Régis Roussel, Responsable de la Mission Région du Centre INFFO
Peut-on voir dans la loi du 24 novembre 2009, une forme de remise en cause de la compétence des régions en matière de formation professionnelle ?
Dans un rapport sur « La conduite par l’Etat de la décentralisation », remis le 27 octobre 2009, la Cour des comptes estime que « l’organisation actuelle du système de formation professionnelle ne permet pas la définition d’une vraie stratégie régionale ». Tels qu’ils sont actuellement mis en place, les objectifs des PRDF « demeurent protéiformes » et restent souvent « trop généraux et peu hiérarchisés ». « Cette situation est en partie imputable au processus de construction partagée du PRDF, centré autour de grands principes et orientations consensuels, négligeant, de fait, la définition de priorités et d’objectifs quantifiés ».

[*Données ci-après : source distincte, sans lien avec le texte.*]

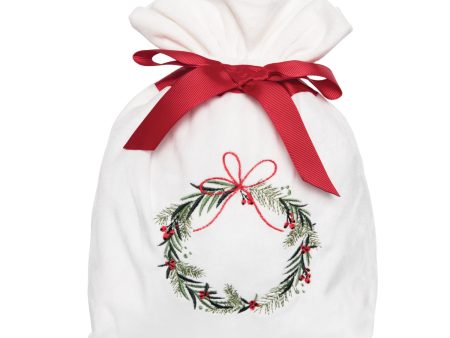 White Splendor Velvet Gift Bag Discount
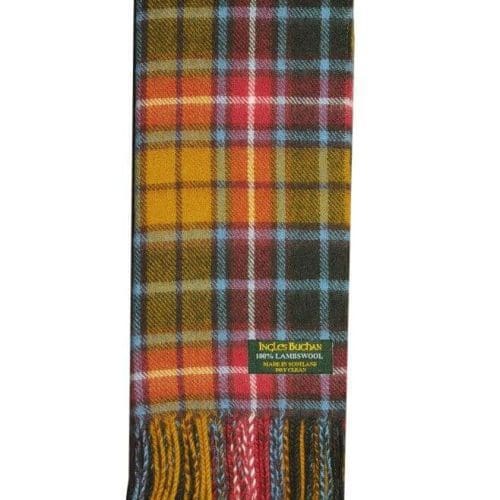 Buchanan Antique Lambswool Tartan Scarf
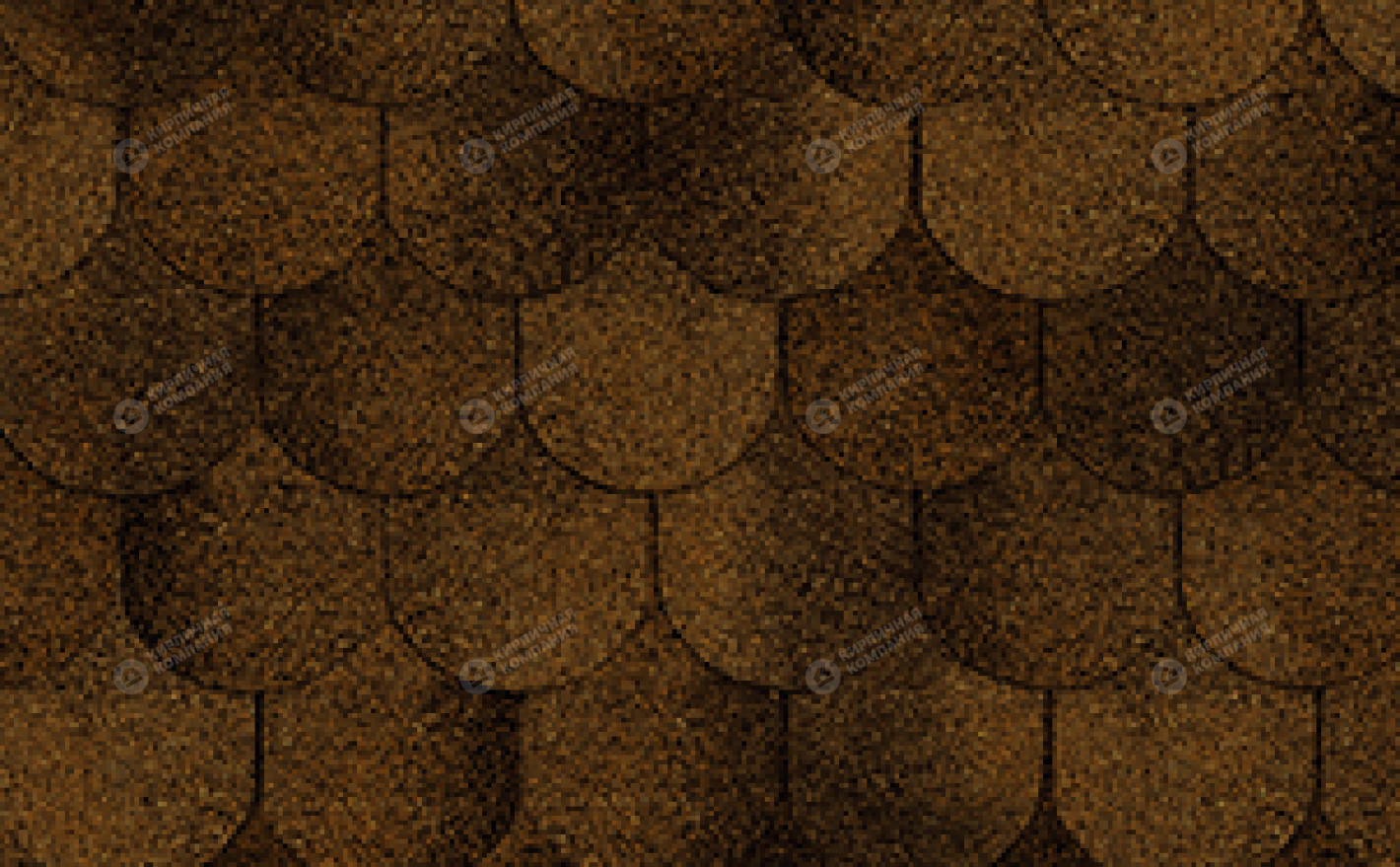 Гибкая черепица рядовая RUFLEX Ornami Кофе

Sans attendre la publication de ce rapport, la loi sur l’orientation et la formation professionnelle adoptée en novembre dernier [1], a transformé le « plan régional de développement des formations professionnelles » en « contrat de plan régional de développement des formations professionnelles ». Si l’objectif de cet outil et les acteurs concernés demeurent identiques, la transformation du plan en contrat, n’est pas anodine. Désormais l’outil de programmation des politiques régionales de formation, devient un document signé par le président du conseil régional au nom de la région après consultation des départements et adoption par le conseil régional, mais également par le représentant de l’Etat dans la région au nom de l’Etat et par l’autorité académique.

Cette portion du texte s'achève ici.